Francis’ personal record responding to abuse

While Pope Francis spoke of a “zero tolerance” policy towards abuse, his personal record on the matter has been more permissive. 

The Pope has blamed the sex abuse crisis of minors on the “plague of clericalism” – while not mentioning clerical homosexuality – but has not commented on his own handling of clerics accused of abuse, including ex-Cardinal Theodore McCarrick and Bishop Gustavo Zanchetta. 

The much awaited McCarrick report, released in November 2020, revealed that, contrary to Francis’ statements, he had been informed of the immoral behaviour of Theodore McCarrick but did not act upon them. 

As LifeSite’s Dr. Maike Hickson wrote: “Pope Francis did know about the sex abuse allegations against McCarrick and that the Vatican had taken steps, from 2006 on, to remove him from the public, by telling him to move into a more remote residence and to hold back in his public appearances and travels.
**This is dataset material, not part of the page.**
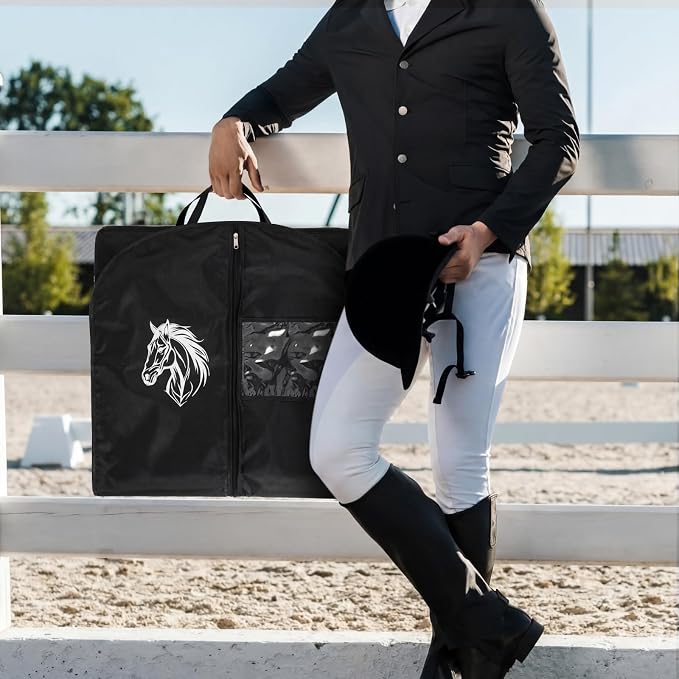 60'' Equestrian Garment Bags for Horse Show Clothes Bags Breathable for Hanging Riding Wear Contest Horse Show Uniform, 420d Polyester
Pope Francis chose not to follow up.”

Pope Francis has also come under scrutiny for his relationship with disgraced Bishop Zanchetta, who was sentenced recently to four and half years in prison after having been found guilty of sexually abusing two seminarians. LifeSiteNews has provided a detailed timeline of the Francis–Zanchetta relationship. 
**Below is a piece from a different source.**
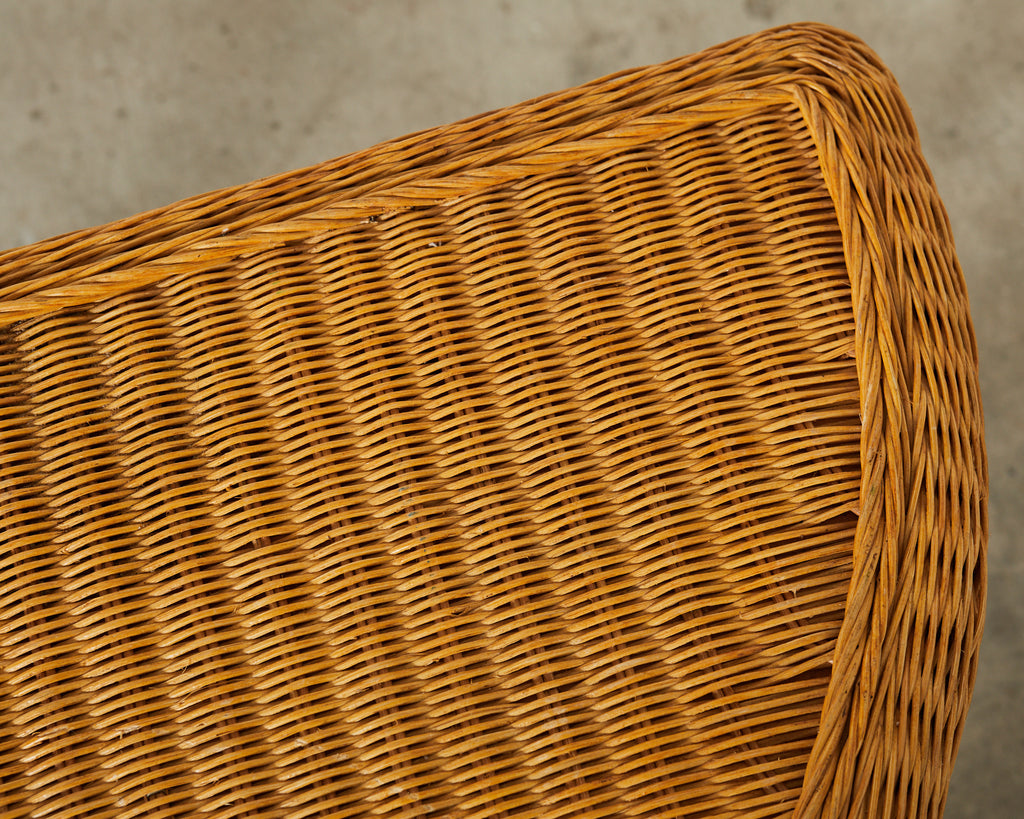 French Midcentury Organic Modern Wicker Demilune Console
RELATED: Examining the timeline of Pope Francis’ alleged cover-up of bishop imprisoned for sexual abuse

When Zanchetta was summoned to Rome in 2015 after “nude selfies” of him were found on his phone, Francis accepted the bishop’s claim that he had been the subject of a phone hack. 
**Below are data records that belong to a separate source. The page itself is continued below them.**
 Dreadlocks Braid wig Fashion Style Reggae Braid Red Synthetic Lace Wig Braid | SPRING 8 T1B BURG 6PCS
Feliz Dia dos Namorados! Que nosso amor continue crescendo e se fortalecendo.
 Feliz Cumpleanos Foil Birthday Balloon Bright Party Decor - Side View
Following numerous signed sworn testimonies from priests in Zanchetta’s Orán diocese, confirming the existence of the selfies on Zanchetta’s phone and his “strange attitude” towards seminarians, the bishop abruptly left his diocese for “ill health.”

He was soon moved into Francis’ Vatican as an advisor to the Administration of the Patrimony of the Holy See (APSA), ranking third in the Curial department and having jurisdiction over various properties owned by the Holy See. Francis specially created the position for Zanchetta. 

When a civil trial was begun against Zanchetta in his native Argentina, it was delayed as the CDF refused to send requested files from its own canonical trial of the bishop. After waiting several months, prosecutors decide to proceed with Zanchetta’s trial in February, without the documents the Vatican was asked to provide. 

New measures responding to sex abuse received with ‘resistance’ 

Francis told Reuters that regarding new Church measures to prevent sexual abuse, “there is resistance, but with each new step there is growing awareness that this is the way to go.” Reuters did not mention whether the pontiff gave any further information about this statement.

In 2019, the 85-year-old Pontiff issued a motu proprio responding to clerical sex abuse, entitled “Vos estis lux mundi,” making the cover up of sex abuse a crime under Canon Law. However the document was nevertheless lacking in that it did not condemn consensual acts of homosexuality by members of the clergy 

Despite the reported purpose of dealing with sex abuse, the motu proprio was not received well by all. Writing in First Things Phil Lawler stated that “the motu proprio institutes different procedures, but does not guarantee different results.”

Speaking to German television in early 2019, Cardinal Raymond Burke said that Pope Francis’ response to abuse was “more confusing than anything.”